Joe : Je pense, comme Lierre l'a mentionné tout à l'heure, quand ont dit que la morphine du gluten et la morphine tirée de la caséine, la casomorphine je crois, les gens mangent du blé et des produits laitiers tous les jours de leur vie, la plupart des gens du monde occidental. Donc ils sont drogués et ils aiment ça. Dans une certaine mesure, les gens vivent évidemment des épreuves mais cela calme beaucoup de monde. Je ne pense pas qu'on puisse ignorer l'effet de la nourriture sur les gens pour ce qui est de les maintenir satisfaits et tranquilles. Et c'est pour ça qu'on dit toujours qu'il n'y a une révolution, une vraie révolution qui ait un effet, que quand les gens ont faim, quand on leur enlève leur drogue au fond. Et on parle de drogue ici, de morphine, ou d'une version de morphine.

Pierre : Les opioïdes vous gardent suffisamment en vie pour être esclave mais pas suffisamment vivant pour vous libérez.

Joe : Sommes-nous trop pessimiste ici ?

Niall : Je suis curieux de savoir à quoi ressemble son alimentation désormais. Elle parle de graisses animales et de viande donc elle mange vraisemblablement beaucoup de viande. Je me demande si elle a entendu parler du régime cétogène dont on a discuté à l'émission parce que ce n'est pas seulement qu'on a besoin d'un régime naturel tout ce temps. Il y a une alimentation naturelle, une qui correspond. Elle a reçu le nom de « régime cétogène ». On se demande ce que c'est mais en gros, c'est l'alimentation naturelle ou qui l'a été pendant des centaines de milliers, si ce n'est des millions d'années pour les humains en développement. Et ne serait-ce que tout ce qu'on a mangé incorrectement, pour ainsi dire, grâce à l'agriculture au cours de ces dix mille dernières années, la science est aujourd'hui revenue à la case départ pour montrer ce que la vraie nutrition peut être et devrait être.

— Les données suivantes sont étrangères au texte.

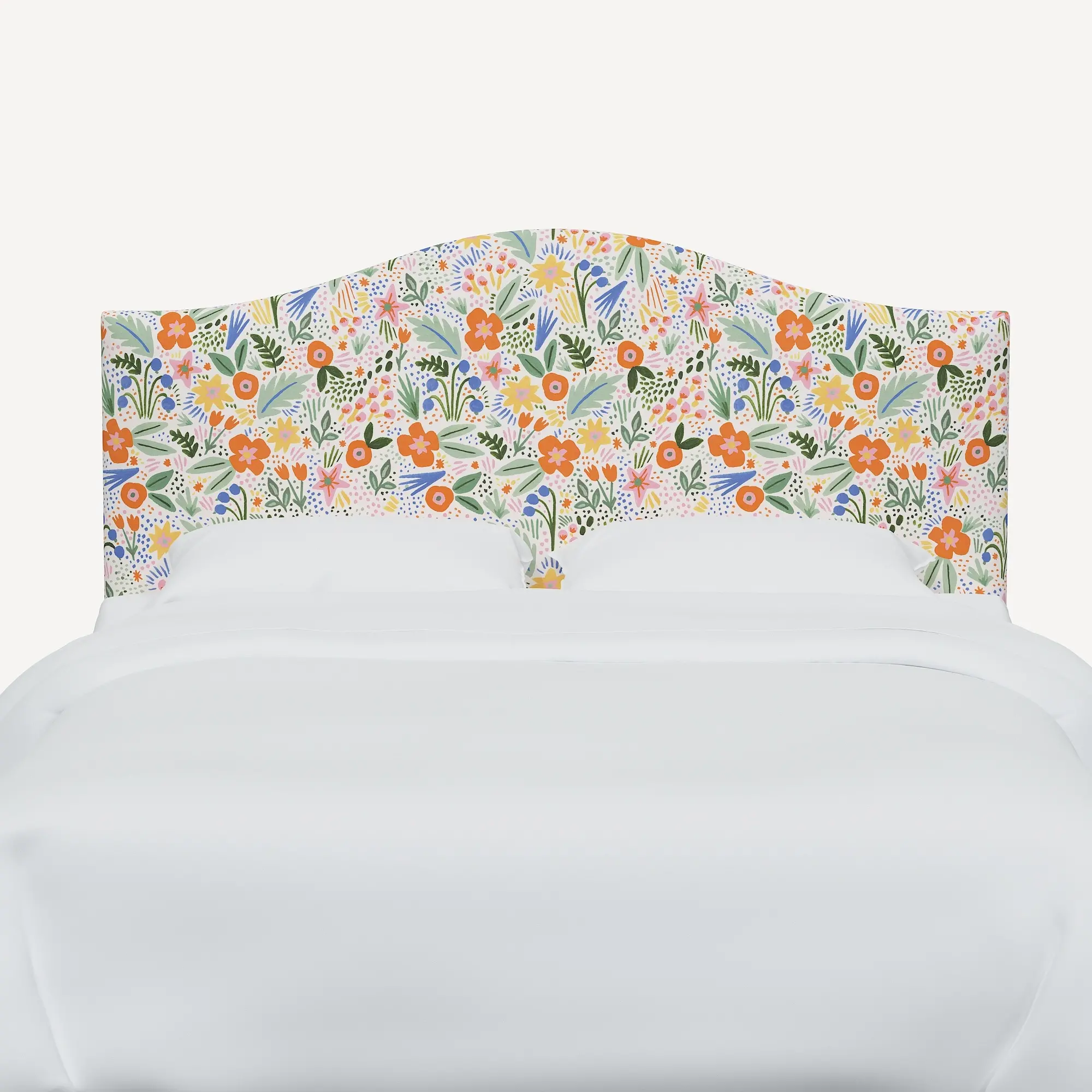 912QRPCMRMLTLCB Rifle Paper Co Mayfair Multicolor Floral Queen Headboard-3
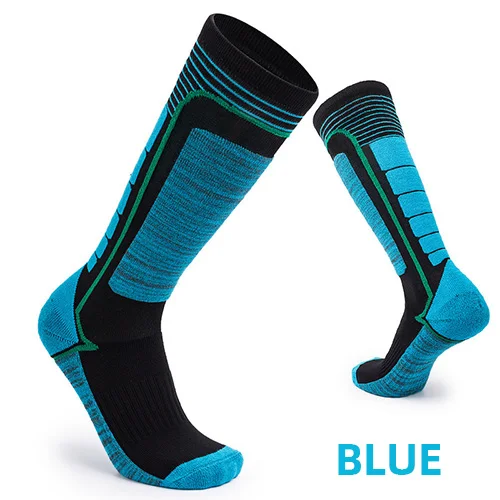 Blue Cycling Socks Victgoal, зимние носки для велоспорта, мужские спортивные носки для катания на лыжах, термальные чулки, Unix, теплые термоноски, толстые хлопковые носки с подогревом для бега - Цвет: Blue Cycling Socks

Joe : Merci d'avoir été présente à l'émission. C'était super et peut-être que vous reviendrez une autre fois pour approfondir ces questions.

Lierre : On dirait un plan.

Juliana : Merci, merci pour tout votre travail.

Joe : De notre part à tous, oui.

Pierre : Merci Lierre.

Lierre : Merci à tous et à tous les auditeurs.

Joe : On arrivait à la fin de toute façon.

Lierre : OK.

Joe : OK, donc veux-tu terminer ce que tu disais Niall ?

Niall : Non, restons-en là. Je veux juste remercier Lierre d'être venue. Merci d'avoir écrit votre livre. Merci de lutter et de vous sentir concernée. On a besoin de plus de gens comme vous.

Pierre : Et merci à vous pour l'espoir.

Joe : Oui, très bien. On va arrêter là pour cette semaine. Jusqu'à la semaine prochaine, passez une bonne semaine. Merci à nos chatters, à nos auditeurs et aux appelants que l'on n'a pas pu prendre. On reviendra la semaine prochaine avec une autre émission et on verra sur quel sujet pendant la semaine aux endroits habituels.